The Digital Black Market Goes Dark

silk_road_seized

The founder of the Internet drug marketplace Silk Road has been arrested and the website seized:

According to the indictment, Silk Road was bigger than anyone had suspected: It boasted over $1.6 billion in sales from 2011-2013, which resulted in $80 million in commissions. (Researchers had previously estimated that Silk Road was doing about $22 million in total sales per year.)

Though Silk Road was a massive part of the Bitcoin marketplace, which is now fluctuating wildly, Kristin Salyer thinks the marketplace’s demise could benefit the currency:

Bitcoin no longer needs Silk Road. For one thing, there are other online marketplaces where Bitcoin could be used illegally. Perhaps more important, as Reuters reported yesterday, in the three months ended in June, Bitcoin startups raised almost $12 million from venture capital investors. Bitcoin may still be high-risk, but a customer base of legit startups and fewer drug lords probably bodes well.

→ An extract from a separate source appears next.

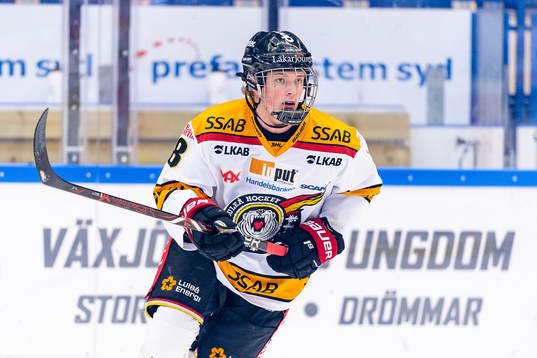 Luleås Noel Gunler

Felix Salmon agrees that, if “Silk Road is now shut down and if no one else manages to enter the vacuum caused by its disappearance, then the FBI will at a stroke have managed to remove the single skeeviest aspect of bitcoin, and the main reason why people like Chuck Schumer are so suspicious of it.” However, he still thinks Bitcoin interest will eventually fade regardless:

Bitcoins are a fad, and they’re a fad which will pass, a bit like Beanie Babies. There was no one thing which caused the market in Beanie Babies to implode, it was more that people just moved on to other things. Bitcoin’s the same: newer, shinier virtual currencies will arrive, the techno-utopians will latch onto something else, and eventually the people holding bitcoins will understand that if an asset doesn’t throw off any cashflow, the only way to make money from it is to sell it at a higher price than you bought it. In other words, bitcoin is the ultimate speculative vehicle, one which you might be able to trade in and out of, but one which has no value at all as a buy-and-hold investment. Which is something to bear in mind when you read the next big Bloomberg article on bitcoins as an asset class.